SOURCE INFORMATION Start Marker

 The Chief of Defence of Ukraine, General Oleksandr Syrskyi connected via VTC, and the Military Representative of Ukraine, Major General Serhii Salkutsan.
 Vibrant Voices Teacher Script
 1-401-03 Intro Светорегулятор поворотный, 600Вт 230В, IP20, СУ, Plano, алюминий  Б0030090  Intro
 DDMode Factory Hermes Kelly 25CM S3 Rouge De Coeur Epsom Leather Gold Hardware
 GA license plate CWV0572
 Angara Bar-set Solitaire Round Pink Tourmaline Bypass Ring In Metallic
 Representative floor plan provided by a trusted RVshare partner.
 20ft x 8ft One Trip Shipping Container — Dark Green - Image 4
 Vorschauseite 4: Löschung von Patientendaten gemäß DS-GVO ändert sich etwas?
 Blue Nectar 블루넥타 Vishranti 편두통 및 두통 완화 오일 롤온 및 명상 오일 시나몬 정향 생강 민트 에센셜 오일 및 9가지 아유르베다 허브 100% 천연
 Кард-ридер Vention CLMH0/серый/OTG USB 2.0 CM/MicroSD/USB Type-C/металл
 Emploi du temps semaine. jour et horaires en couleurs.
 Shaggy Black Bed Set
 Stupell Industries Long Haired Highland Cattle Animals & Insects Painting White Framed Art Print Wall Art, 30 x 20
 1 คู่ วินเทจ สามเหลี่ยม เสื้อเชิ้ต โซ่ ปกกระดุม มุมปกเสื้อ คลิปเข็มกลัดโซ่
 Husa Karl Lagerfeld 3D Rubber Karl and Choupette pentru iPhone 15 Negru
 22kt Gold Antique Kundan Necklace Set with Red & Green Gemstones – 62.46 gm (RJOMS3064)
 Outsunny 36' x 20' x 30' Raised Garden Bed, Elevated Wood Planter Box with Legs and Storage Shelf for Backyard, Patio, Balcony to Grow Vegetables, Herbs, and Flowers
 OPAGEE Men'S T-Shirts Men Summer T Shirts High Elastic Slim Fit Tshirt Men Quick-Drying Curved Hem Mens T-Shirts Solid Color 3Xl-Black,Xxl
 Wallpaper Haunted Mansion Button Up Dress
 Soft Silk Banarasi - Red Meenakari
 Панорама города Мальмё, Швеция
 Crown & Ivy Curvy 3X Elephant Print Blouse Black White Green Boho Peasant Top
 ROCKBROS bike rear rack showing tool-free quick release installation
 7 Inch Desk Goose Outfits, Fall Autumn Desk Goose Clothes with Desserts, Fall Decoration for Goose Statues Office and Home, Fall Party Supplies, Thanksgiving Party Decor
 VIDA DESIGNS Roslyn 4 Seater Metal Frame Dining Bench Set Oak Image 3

SOURCE INFORMATION End Marker

Copy out every line of the entries where the string "Black" shows up.

 Shaggy Black Bed Set
 OPAGEE Men'S T-Shirts Men Summer T Shirts High Elastic Slim Fit Tshirt Men Quick-Drying Curved Hem Mens T-Shirts Solid Color 3Xl-Black,Xxl
 Crown & Ivy Curvy 3X Elephant Print Blouse Black White Green Boho Peasant Top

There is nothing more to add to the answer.